The reviewed material points to screening, surveillance, and infection control as central responses, and notes that preventive control measures are paramount to interrupt transmission [3][2]. It also indicates that improved laboratory identification methods, including selective/differential media, MALDI-TOF MS database expansion, real-time PCR, and WGS, support earlier detection and tracking [5]. Beyond these broad measures, the provided sources do not specify particular decolonization, isolation, or environmental decontamination protocols, so source-backed detail is not yet available [5][3].
In surveillance terms, Candida auris should be read as an emerging, multidrug-resistant, healthcare-associated fungal threat with substantial potential for underrecognition because of identification difficulties and misclassification [1][5][2]. Whole-genome sequencing is specifically noted as useful for tracking nosocomial spread, phylogenetic relationships, and drug resistance [5]. Because the available sources emphasize international emergence, clade structure, and hospital transmission, surveillance should prioritize timely species confirmation and detection of clusters, while acknowledging that broader burden estimates remain limited in the supplied material [1][5][4].
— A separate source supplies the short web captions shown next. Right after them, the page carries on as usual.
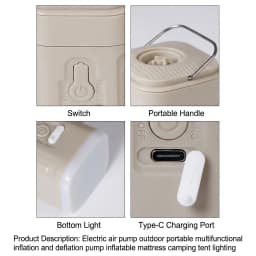 Mini Electric Inflatable Pump 3-in-1 with Lights Wireless Air Compressor for Camping Hiking Inflate & Deflate Equipment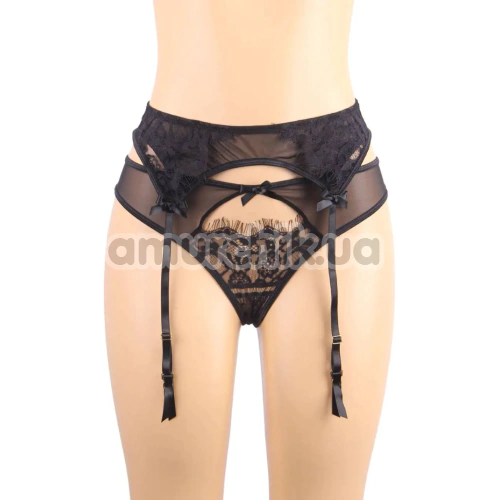 Комплект Star Night Sheer & Lace Bow Garter Belt, черный: пояс для чулок + трусики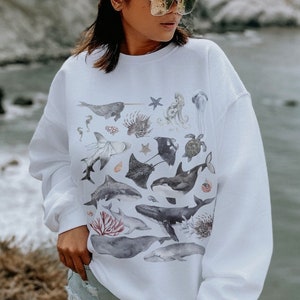 Marine Life Conservation Crewneck Orca Whale Shark Dolphin Sea Turtle Jellyfish Sweatshirt Save the Ocean Environment Shirt Indie Crew Neck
- 1 Chakrabarti A et al. Multidrug-resistant Candida auris: an epidemiological review. Expert Rev Anti Infect Ther. 2020 Jun. PMID: 32237924. doi: 10.1080/14787210.2020.1750368. PubMed: https://pubmed.ncbi.nlm.nih.gov/32237924/
- 2 Candida auris and Nosocomial Infection. Current Drug Targets. 2020. doi: 10.2174/1389450120666190924155631. DOI: https://doi.org/10.2174/1389450120666190924155631
- 3 Candida auris screening, surveillance and infection control. http://isrctn.com/. 2025. doi: 10.1186/isrctn92548819. DOI: https://doi.org/10.1186/isrctn92548819
- 4 Bagheri Lankarani K et al. Candida auris: outbreak fungal pathogen in COVID-19 pandemic: a systematic review and meta-analysis. Iran J Microbiol. 2022 Jun. PMID: 37124855. doi: 10.18502/ijm.v14i3.9753. PubMed: https://pubmed.ncbi.nlm.nih.gov/37124855/
- 5 Keighley C et al. Candida auris: Diagnostic Challenges and Emerging Opportunities for the Clinical Microbiology Laboratory. Curr Fungal Infect Rep. 2021. PMID: 34178208. doi: 10.1007/s12281-021-00420-y. PubMed: https://pubmed.ncbi.nlm.nih.gov/34178208/
- 6 Wikidata contributors. Candida auris Infection [Internet]. Wikidata. cited 20 May 2026. Available from: https://www.wikidata.org/wiki/Q90714147
Figure 1 | Full historical trajectories across all reporting countries.
Figure 2 | Year-over-year monthly comparison for seasonality and structural shifts.
Dataset Archive
Supplementary Data | Multi-country disease dataset
Machine-readable multi-country disease dataset (JSON/CSV) with source metadata.
Source Register
Official sources and update cadences used to construct the downloadable dataset.
United States
CDC National Notifiable Diseases Surveillance System provisional data.